Source: Bloomberg News | 2012-10-29 | NEWSPAPER EDITION
AIR China Ltd has scrapped a planned share sale and is preparing its first debt offering in more than three years, capping a 10-month period in which bond sales were almost 25 times greater than stock issuance.
The country's biggest carrier by market value will offer 6 billion yuan (US$961 million) of seven-year securities on Wednesday, a company filing showed. It last sold 3 billion yuan of 3.48 percent 2014 paper in March 2009, according to data compiled by Bloomberg News. China National Aviation Holding Co, the parent of the carrier, also plans to sell 1 billion yuan of three-year notes today.
Premier Wen Jiabao's calls to expand the market drove a 64 percent increase in bond sales to 3.18 trillion yuan, while equity issuance dropped 55 percent to 129 billion yuan as the world's second-largest economy slowed. Yields on top-rated companies' 10-year notes fell 10 basis points to 5.08 percent this year, as the country's key stock index shed 4.5 percent. They dropped 44 basis points to 1.65 percent in the US, according to Bank of America Merrill Lynch indexes.
"Air China's moves show a trend that the bond market has become increasingly popular for fundraising over the equity market," Zhou Meng, a Shanghai-based analyst at Shenyin & Wanguo Securities Co, said in a phone interview last Wednesday. "It's a good time for airlines, shipping companies and rail builders to tap the bond market as borrowing costs are lower."
Air China announced the planned sale two days after scrapping a planned private stock offering. It has also yet to complete a 1.05 billion yuan share sale to its state-owned parent and the timing for a second non-public equity offering isn't "ripe at the moment," it said in a filing to the Shanghai stock exchange on October 22. The Beijing-based carrier will use proceeds from the notes to repay bank loans and replenish working capital, according to separate company filings.
"The bond market has demand as the risk appetite is pretty low now with stocks falling," said Li Jun, a strategist at Central China Securities Co in Shanghai. "On top of that, the central government has encouraged bond sales to increase the proportion of direct financing."
Equity sales in China have shrunk this year as the Shanghai Composite Index heads for a third-straight annual loss.
Shares of Air China have slumped 20 percent this year in Shanghai as high fuel prices have added to investor concerns.

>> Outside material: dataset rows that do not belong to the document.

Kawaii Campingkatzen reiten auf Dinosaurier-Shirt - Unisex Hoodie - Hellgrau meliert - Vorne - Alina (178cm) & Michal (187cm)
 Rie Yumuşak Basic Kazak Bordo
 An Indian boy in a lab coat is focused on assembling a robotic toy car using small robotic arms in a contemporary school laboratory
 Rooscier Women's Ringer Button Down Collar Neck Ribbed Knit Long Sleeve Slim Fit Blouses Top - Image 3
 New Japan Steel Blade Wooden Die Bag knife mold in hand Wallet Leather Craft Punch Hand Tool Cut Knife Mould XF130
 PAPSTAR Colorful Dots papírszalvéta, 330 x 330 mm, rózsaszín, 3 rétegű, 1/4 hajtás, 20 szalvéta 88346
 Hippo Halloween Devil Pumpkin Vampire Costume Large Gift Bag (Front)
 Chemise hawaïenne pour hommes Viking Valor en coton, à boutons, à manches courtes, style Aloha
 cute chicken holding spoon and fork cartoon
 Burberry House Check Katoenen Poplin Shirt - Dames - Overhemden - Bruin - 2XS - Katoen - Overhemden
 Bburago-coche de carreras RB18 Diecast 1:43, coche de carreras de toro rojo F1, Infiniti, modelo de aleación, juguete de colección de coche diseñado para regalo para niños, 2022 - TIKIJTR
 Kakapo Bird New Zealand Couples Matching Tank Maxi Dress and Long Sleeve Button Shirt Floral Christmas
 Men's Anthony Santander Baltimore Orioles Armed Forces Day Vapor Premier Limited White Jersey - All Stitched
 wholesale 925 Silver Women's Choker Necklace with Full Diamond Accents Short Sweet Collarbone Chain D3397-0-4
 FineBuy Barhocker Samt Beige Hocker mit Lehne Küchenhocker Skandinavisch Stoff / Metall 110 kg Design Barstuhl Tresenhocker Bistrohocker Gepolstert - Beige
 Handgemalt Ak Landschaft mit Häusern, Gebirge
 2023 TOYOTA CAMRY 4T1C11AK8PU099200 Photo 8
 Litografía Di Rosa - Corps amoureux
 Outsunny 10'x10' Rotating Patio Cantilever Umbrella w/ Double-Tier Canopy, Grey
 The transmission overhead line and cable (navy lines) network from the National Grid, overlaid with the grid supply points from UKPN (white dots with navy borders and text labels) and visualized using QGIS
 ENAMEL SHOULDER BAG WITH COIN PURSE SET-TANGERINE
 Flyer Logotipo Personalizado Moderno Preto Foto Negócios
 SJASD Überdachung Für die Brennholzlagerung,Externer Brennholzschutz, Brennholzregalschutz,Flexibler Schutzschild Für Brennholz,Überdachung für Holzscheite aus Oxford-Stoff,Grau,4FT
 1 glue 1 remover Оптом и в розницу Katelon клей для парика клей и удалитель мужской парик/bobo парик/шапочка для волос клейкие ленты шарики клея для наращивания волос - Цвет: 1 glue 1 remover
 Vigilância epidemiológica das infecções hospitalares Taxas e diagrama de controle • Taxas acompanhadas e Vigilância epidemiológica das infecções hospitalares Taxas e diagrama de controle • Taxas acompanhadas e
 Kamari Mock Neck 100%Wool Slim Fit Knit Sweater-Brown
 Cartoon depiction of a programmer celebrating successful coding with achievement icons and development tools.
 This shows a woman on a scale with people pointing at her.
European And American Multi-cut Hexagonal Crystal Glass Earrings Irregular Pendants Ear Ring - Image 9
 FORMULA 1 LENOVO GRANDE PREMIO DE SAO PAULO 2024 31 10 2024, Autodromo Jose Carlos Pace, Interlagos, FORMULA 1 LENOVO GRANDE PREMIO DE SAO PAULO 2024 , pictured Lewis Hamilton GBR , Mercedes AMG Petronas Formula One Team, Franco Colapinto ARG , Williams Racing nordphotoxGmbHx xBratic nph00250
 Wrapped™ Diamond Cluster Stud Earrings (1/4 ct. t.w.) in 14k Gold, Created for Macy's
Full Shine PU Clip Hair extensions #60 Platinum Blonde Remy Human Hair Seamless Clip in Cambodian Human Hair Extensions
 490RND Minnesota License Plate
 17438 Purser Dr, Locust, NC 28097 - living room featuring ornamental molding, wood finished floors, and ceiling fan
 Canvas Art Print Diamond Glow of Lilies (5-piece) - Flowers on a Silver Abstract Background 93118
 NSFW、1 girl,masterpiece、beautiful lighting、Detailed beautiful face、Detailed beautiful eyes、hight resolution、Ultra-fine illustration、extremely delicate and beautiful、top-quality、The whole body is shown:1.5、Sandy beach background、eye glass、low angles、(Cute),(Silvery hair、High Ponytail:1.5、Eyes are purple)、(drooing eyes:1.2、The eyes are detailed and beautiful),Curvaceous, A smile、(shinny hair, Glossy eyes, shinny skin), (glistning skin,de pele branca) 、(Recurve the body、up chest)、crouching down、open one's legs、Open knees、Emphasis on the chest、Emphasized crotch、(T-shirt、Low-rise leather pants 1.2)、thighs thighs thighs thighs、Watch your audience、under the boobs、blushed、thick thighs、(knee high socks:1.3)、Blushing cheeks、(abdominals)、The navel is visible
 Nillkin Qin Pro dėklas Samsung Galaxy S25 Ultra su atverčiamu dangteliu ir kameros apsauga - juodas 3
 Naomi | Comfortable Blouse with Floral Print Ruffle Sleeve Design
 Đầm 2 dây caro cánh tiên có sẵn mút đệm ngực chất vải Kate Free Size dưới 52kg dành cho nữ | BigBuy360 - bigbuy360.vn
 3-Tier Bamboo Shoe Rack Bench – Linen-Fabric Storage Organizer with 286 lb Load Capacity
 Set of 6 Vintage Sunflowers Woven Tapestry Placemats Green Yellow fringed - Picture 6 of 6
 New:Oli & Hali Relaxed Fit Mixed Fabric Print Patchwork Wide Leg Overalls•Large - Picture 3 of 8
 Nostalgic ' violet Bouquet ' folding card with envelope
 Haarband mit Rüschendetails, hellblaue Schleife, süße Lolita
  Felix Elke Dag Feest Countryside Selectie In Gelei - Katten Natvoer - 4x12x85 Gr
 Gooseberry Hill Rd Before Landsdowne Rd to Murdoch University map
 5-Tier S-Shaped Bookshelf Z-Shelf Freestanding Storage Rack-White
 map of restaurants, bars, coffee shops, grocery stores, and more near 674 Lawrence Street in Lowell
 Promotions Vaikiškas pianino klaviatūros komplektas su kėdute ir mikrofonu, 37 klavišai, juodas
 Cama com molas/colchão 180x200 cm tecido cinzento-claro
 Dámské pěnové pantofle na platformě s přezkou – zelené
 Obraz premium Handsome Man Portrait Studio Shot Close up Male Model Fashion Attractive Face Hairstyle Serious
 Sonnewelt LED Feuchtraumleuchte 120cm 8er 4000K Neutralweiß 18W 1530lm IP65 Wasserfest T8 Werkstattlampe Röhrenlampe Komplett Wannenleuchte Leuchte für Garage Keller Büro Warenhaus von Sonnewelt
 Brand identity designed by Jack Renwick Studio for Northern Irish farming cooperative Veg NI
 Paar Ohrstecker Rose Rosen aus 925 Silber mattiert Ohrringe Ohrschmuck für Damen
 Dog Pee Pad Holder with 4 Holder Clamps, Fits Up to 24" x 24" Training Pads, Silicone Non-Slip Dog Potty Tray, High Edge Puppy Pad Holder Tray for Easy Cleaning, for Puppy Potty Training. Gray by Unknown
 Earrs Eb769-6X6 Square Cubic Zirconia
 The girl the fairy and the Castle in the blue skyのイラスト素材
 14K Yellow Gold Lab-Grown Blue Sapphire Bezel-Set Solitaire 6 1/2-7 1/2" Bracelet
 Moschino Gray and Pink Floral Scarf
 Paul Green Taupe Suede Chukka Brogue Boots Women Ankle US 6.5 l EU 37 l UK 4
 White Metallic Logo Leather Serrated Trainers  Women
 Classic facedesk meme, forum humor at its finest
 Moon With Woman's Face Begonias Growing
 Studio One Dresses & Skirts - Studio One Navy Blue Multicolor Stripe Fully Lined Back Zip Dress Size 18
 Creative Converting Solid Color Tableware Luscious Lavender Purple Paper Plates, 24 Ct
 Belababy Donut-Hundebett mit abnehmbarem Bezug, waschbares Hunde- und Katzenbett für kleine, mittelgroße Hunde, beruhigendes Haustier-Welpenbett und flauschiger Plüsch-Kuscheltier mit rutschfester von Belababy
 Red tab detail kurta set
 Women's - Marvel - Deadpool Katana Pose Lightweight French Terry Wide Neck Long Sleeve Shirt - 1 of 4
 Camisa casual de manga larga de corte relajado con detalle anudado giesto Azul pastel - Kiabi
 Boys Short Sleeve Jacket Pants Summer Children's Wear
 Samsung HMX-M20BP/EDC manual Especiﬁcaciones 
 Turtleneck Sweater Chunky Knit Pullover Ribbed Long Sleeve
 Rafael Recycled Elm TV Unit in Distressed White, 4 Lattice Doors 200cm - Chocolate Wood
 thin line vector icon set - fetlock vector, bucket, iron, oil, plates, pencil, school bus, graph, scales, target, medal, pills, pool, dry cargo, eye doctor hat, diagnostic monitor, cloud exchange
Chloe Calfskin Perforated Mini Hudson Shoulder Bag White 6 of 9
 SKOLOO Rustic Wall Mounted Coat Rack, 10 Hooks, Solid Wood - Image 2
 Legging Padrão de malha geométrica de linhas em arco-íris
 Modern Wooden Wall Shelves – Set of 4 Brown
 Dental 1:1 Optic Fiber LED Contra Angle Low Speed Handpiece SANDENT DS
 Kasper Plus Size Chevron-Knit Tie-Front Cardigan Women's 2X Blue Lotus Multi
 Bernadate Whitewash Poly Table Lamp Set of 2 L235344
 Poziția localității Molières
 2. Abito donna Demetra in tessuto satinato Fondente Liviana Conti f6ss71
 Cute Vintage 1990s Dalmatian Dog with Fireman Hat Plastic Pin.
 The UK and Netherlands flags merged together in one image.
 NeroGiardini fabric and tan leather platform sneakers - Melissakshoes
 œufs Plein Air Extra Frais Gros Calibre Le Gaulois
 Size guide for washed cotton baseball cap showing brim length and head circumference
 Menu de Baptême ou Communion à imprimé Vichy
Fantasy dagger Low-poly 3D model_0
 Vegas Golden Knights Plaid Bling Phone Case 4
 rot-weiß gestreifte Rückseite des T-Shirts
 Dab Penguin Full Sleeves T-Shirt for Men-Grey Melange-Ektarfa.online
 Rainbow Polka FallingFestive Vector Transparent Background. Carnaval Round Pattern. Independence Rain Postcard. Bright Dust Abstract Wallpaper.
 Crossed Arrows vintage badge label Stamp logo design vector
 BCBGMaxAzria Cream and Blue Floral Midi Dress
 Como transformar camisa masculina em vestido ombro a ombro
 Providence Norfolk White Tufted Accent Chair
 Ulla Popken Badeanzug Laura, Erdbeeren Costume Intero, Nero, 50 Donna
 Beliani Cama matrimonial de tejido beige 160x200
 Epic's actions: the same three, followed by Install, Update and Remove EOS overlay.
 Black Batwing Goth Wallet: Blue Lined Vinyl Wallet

The carrier won't resume discussions on the planned share sale within three months, it said in the October 22 filing, without identifying the size or potential buyers. Air China company secretary Rao Xinyu declined to comment on why it canceled the plan in an e-mailed response.
The yield on Air China's September 2015 notes has climbed 17 basis points this month to 6.44 percent, compared with the benchmark 10-year government bond yield's 11 basis-point increase to 3.57 percent.
Five-year credit-default swaps protecting sovereign notes fell 2 basis point to 71 yesterday, according to data provider CMA. The contracts pay the buyer face value in exchange for the underlying securities if an issuer fails to adhere to its debt agreements.
Air China's long-term debt is 1.3 times its equity, higher than an average for its peers of 0.92 times, according to data compiled by Bloomberg News. The carrier plans to spend 57.1 billion yuan in the three years through 2014 on aircraft, construction of bases and pilot training, it said in the prospectus posted on China.money.cn last Wednesday.
Companies in China's transport sector have opted to tap the bond market because it is difficult to attract equity investors as earnings drop on the economic slowdown, Shenyin & Wanguo's Zhou said. China Shipping Development Co, a unit of the nation's second-largest shipper, sold 2.5 billion yuan of bonds in August.